Intriguingly, replacing plasma with water did work just as well as heterochronic parabiosis for the mice. As such, young blood transfusion worked just as well as heterochronic parabiosis in rejuvenating the liver. Moreover, young blood transfusions rejuvenated the muscle and brain even better than heterochronic parabiosis. This suggested that most, if not all, of the rejuvenation benefits of heterochronic parabiosis could be replicated with blood dilution.

Dr. Greger says this was good news, because there is already an FDA-approved technique in use today for this purpose — plasma exchange therapy. This procedure is usually used to filter out toxins but whether it could be used for tissue rejuvenation had not been tested.

Given the findings from diluting the plasma of old mice, researchers tested plasma exchange therapy’s effects on patients with Alzheimer’s disease since plasma exchange is a similar technique. While the procedure did not seem to help those with mild Alzheimer’s disease, those with moderate Alzheimer’s disease experienced about 60% less cognitive decline over the course of 14 months. This finding is in stark contrast with typical Alzheimer’s treatments like memantine that helps with symptoms but does not change the course of cognitive decline.

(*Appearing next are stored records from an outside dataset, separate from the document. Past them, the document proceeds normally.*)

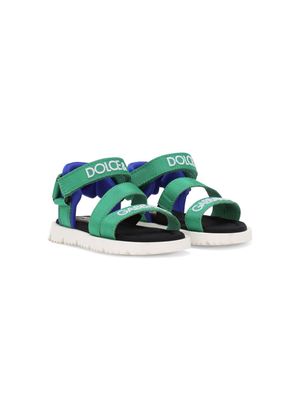 Dolce & Gabbana Kids branded grosgrain sandals - Green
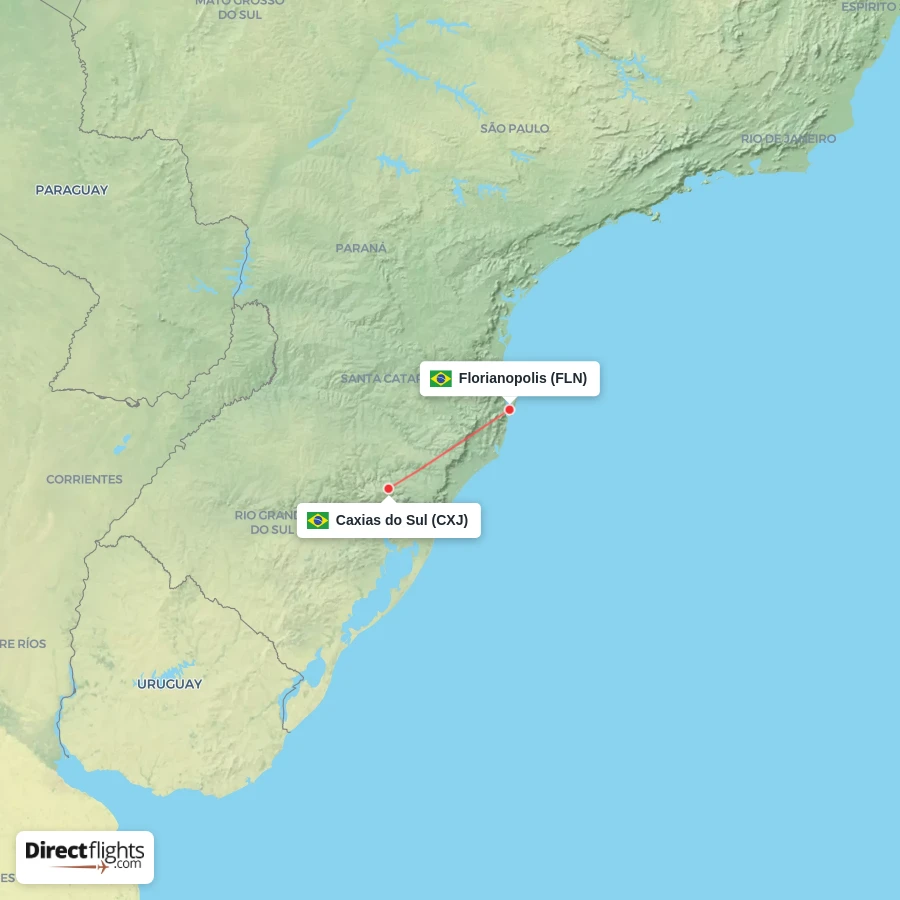 FLN - CXJ route map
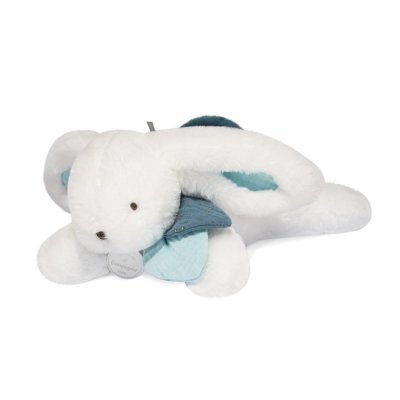 Doudou Poklon set - Plišani zeko s tamno plavim pomponom 25 cm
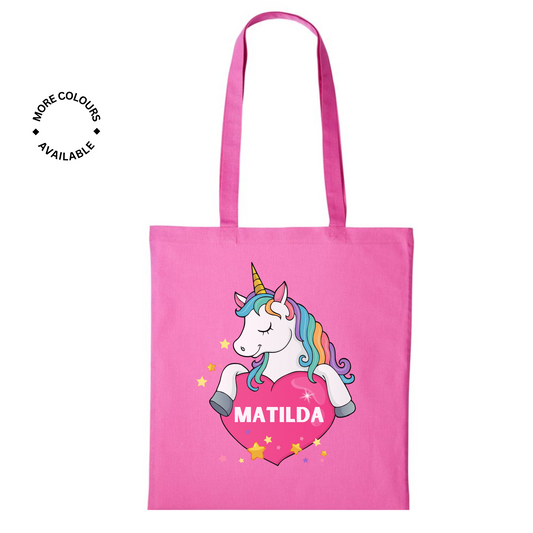 Girls Unicorn Heart Personalised Tote Bag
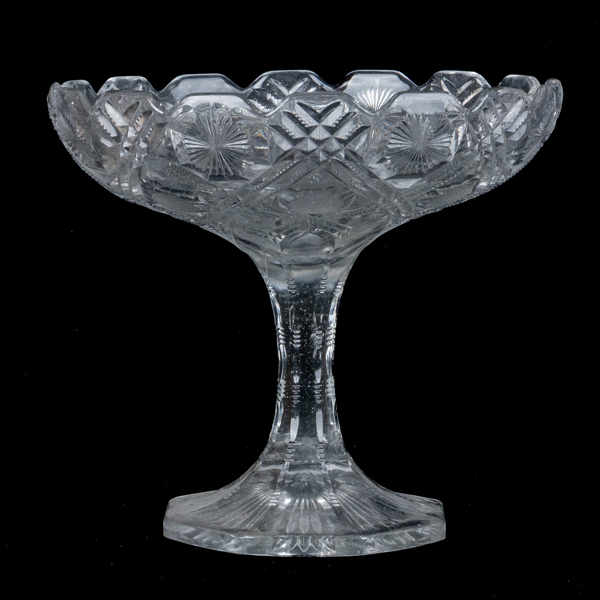 SKÅL PÅ FOT, glas, omkring år 1900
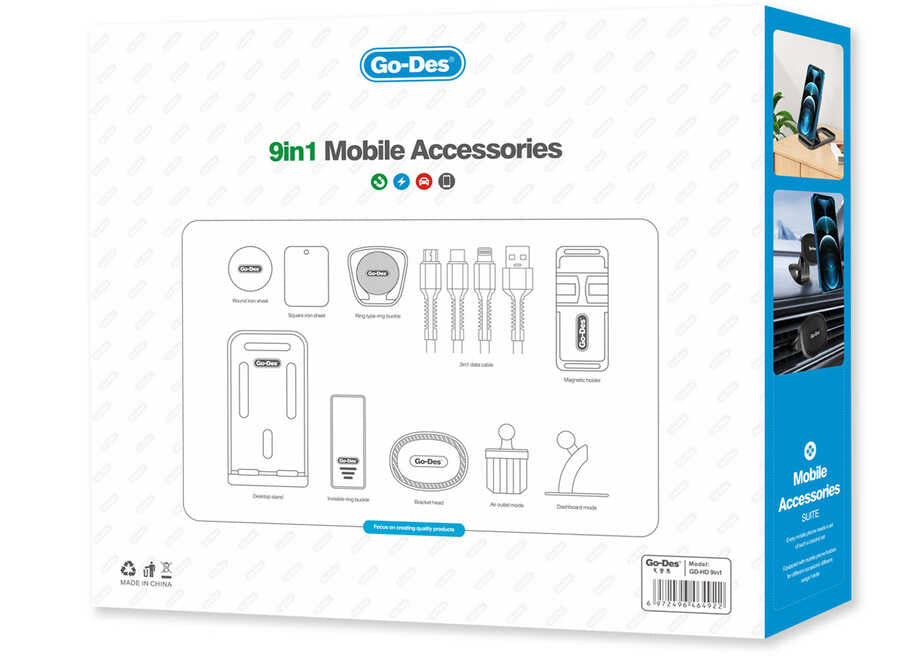 Go Des GD-HD780 9 in 1 Araç Tutucu Seti Siyah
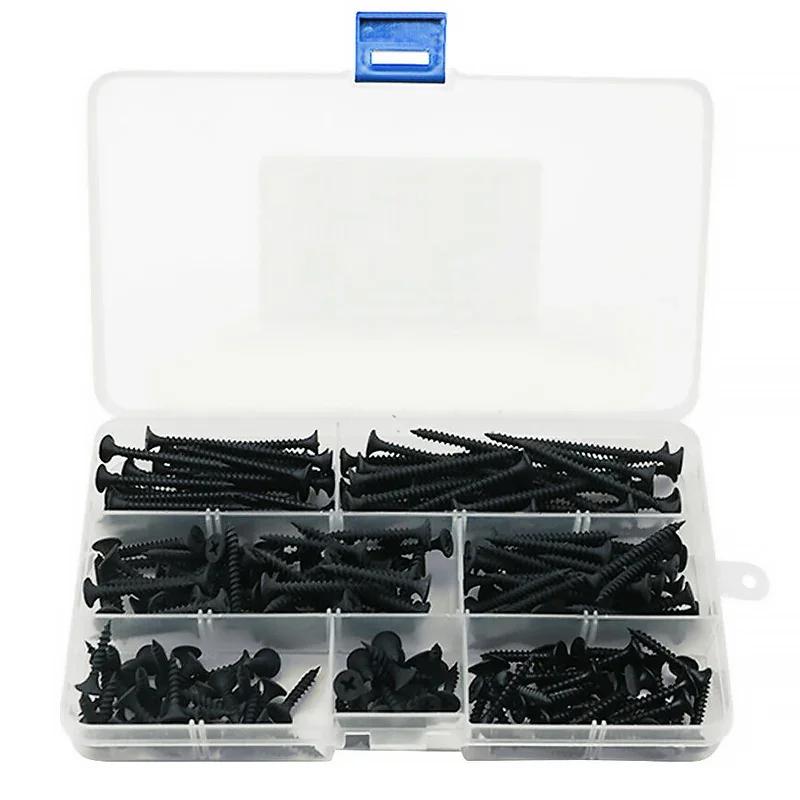 M3.5 Black Carbon Steel 220Pcs/Box Phillips Cross Flat Countersunk Head Self-tapping Wood Screws Set Assortment Kit Box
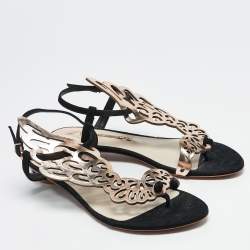 Sophia Webster Metallic/Black Suede and Leather Seraphina Flat Sandals Size 39.5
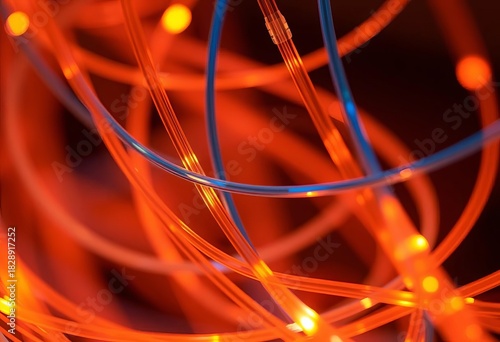 Close-up of intertwined fiber optic cables, glowing brightly,  innovation,  online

Exploring Plasma Exchange Therapy for Multi-Tissue Rejuvenation

From heterochronic parabiosis to plasma exchange therapy, the research suggests that diluting age-inducing factors from the blood of older animals, including humans, may serve to rejuvenate tissues and organs. In that sense, the finding that plasma exchange therapy substantially lessens cognitive decline in Alzheimer’s patients may only be the tip of the iceberg.

Along these lines, questions remain regarding whether plasma exchange therapy in older individuals could rejuvenate other organs like the liver, kidney, and heart. Not only that but whether plasma exchange therapy may help with other age-related diseases or be used to rejuvenate tissues and organs during natural aging needs testing with further human trials.